WHAT THE TASK REQUIRES :: Look below for the line with "重い下痢引き起こす寄生虫由来" and the line with "牙齿重度拥挤不拔牙正畸成功案例,南京牙齿矫正舌侧"; repeat exactly those two lines and all lines between them, but no pictures.

THE DATA ::
________________
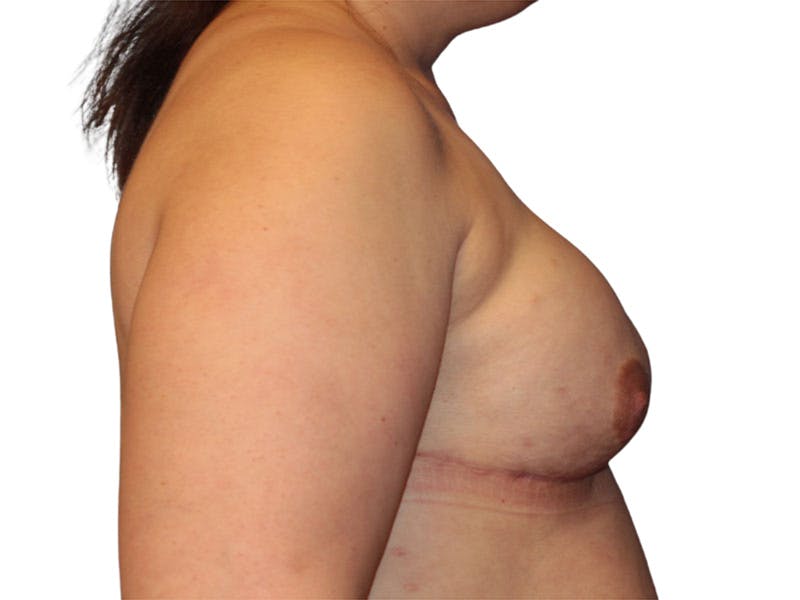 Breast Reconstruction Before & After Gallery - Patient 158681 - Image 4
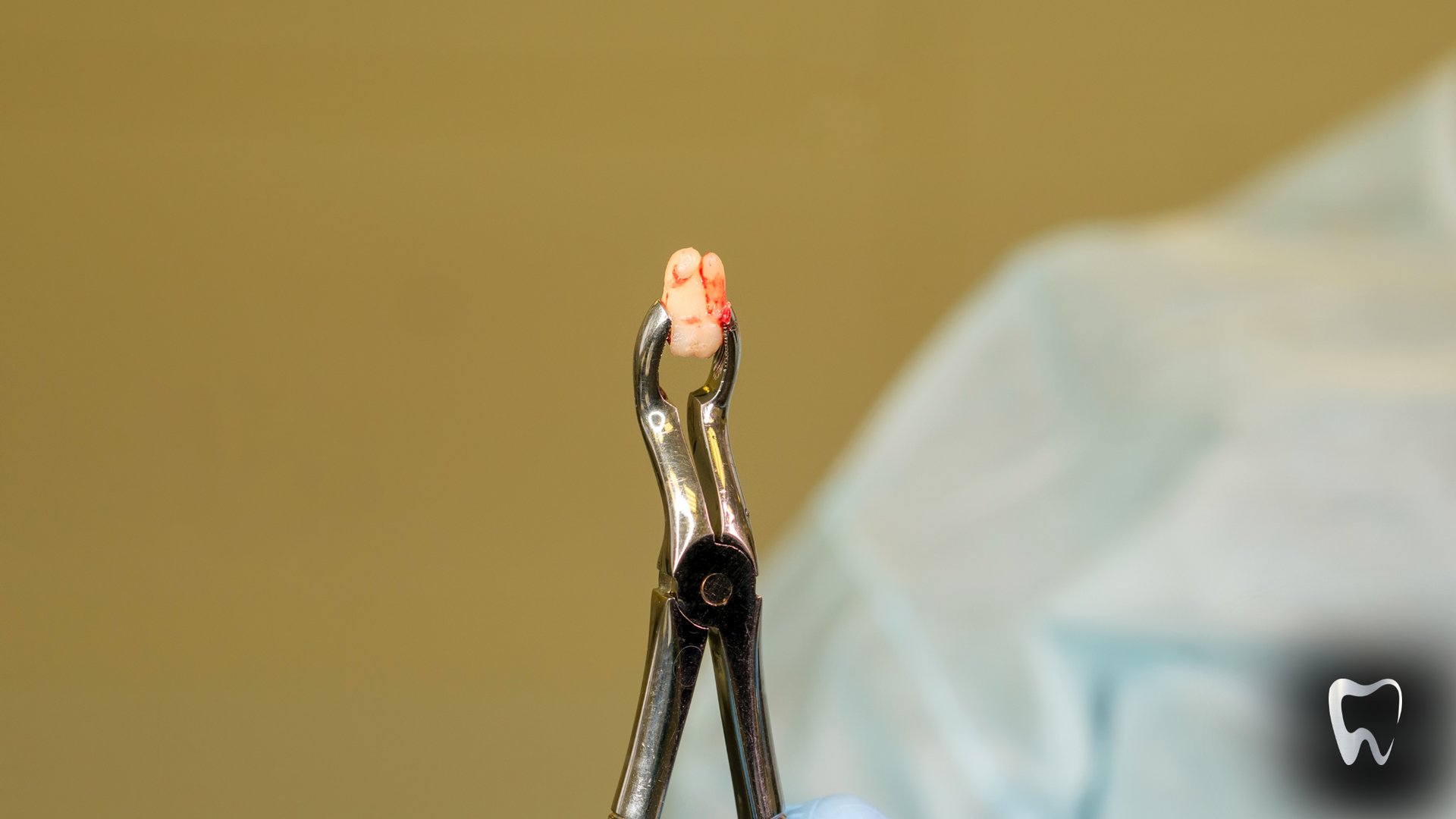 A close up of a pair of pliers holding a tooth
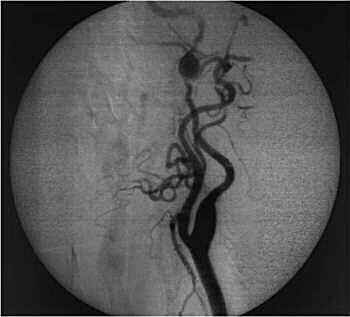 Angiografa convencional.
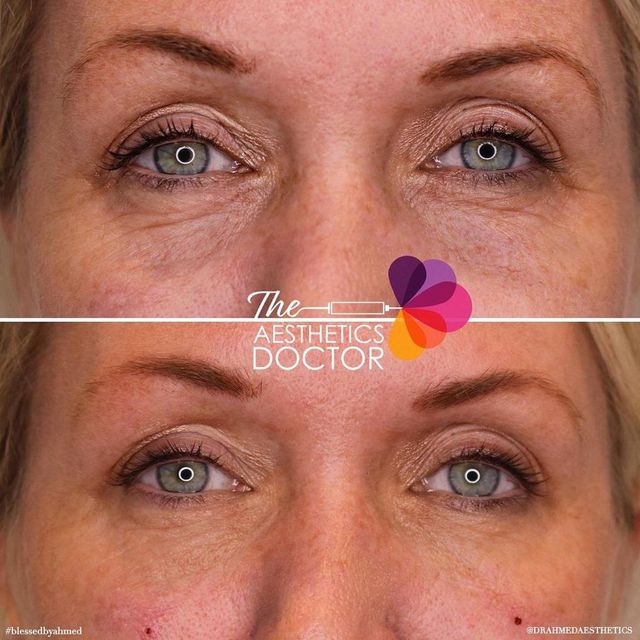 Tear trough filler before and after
________________
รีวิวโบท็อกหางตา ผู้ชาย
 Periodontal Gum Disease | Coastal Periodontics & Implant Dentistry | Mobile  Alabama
________________
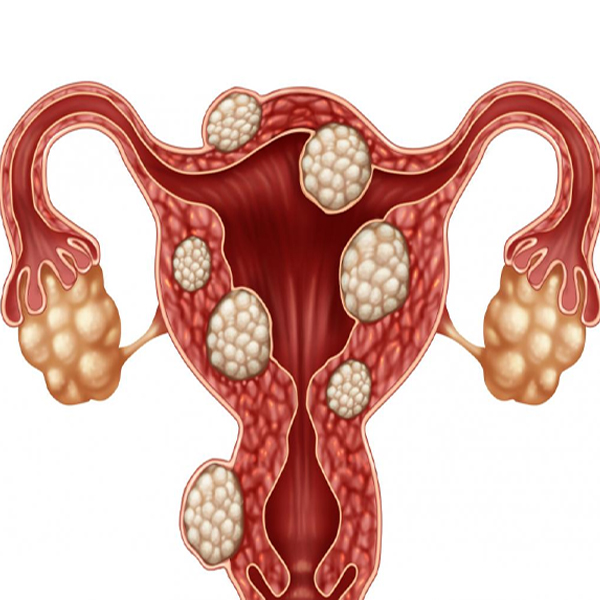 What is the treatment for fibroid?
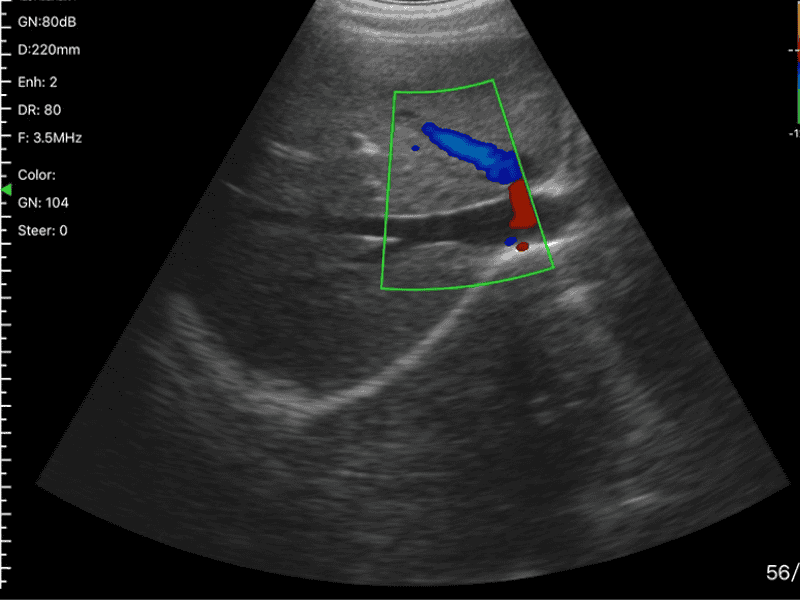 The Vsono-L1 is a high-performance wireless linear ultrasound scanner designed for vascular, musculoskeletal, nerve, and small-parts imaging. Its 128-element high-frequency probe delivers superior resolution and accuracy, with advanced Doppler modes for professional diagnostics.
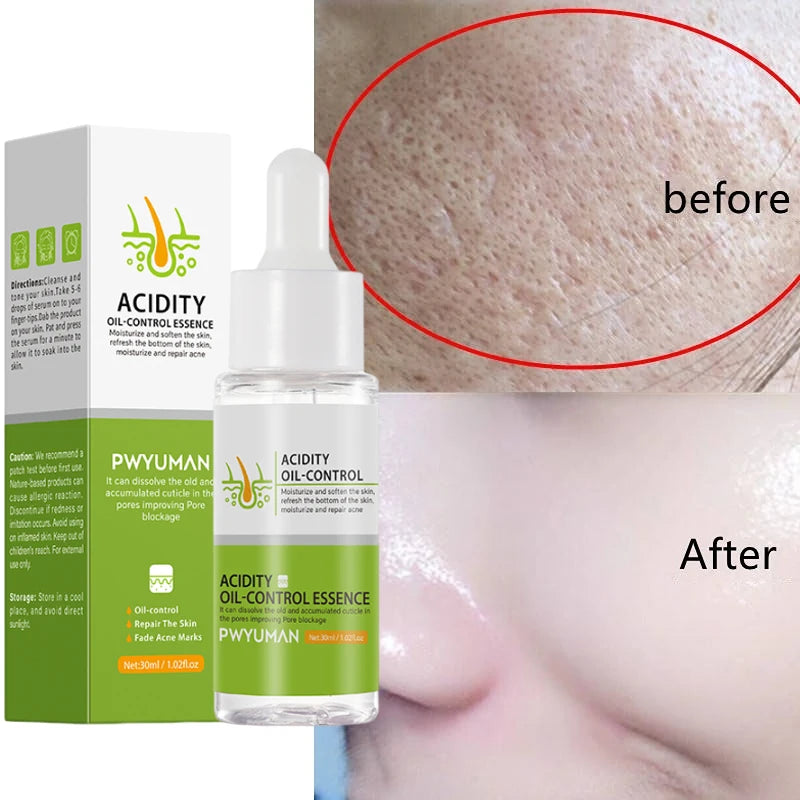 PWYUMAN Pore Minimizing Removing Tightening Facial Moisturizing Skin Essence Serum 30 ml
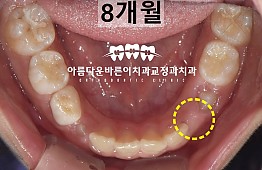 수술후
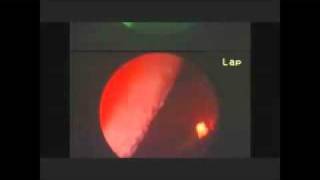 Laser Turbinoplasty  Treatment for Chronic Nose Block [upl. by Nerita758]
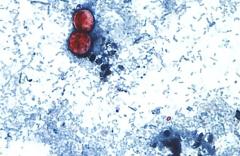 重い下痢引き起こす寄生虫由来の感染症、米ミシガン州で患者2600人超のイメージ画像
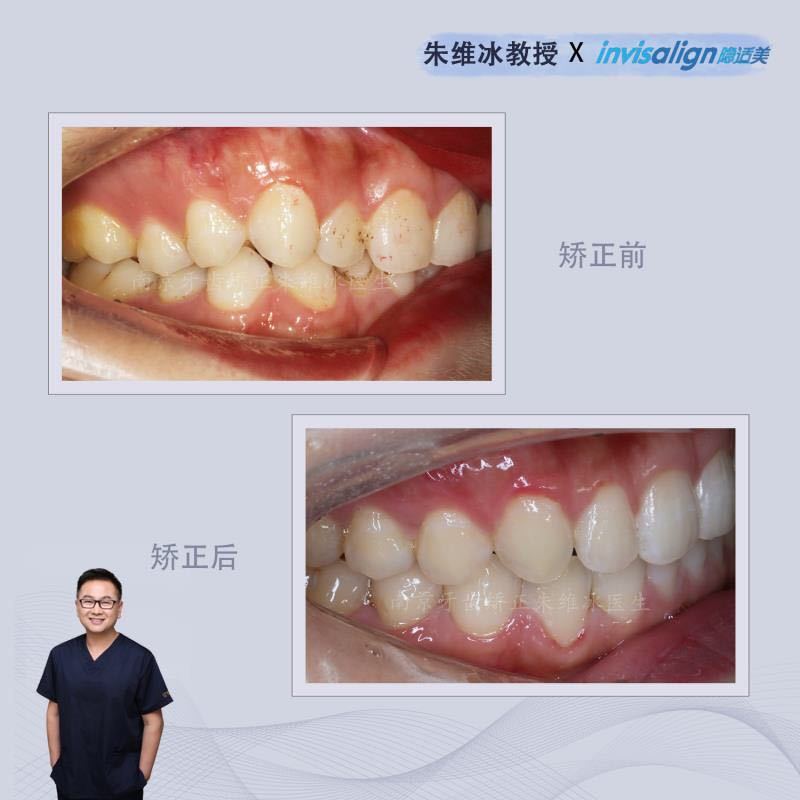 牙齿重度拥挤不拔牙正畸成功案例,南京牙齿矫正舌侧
________________
RESPONSE AREA ::
 重い下痢引き起こす寄生虫由来の感染症、米ミシガン州で患者2600人超のイメージ画像
 牙齿重度拥挤不拔牙正畸成功案例,南京牙齿矫正舌侧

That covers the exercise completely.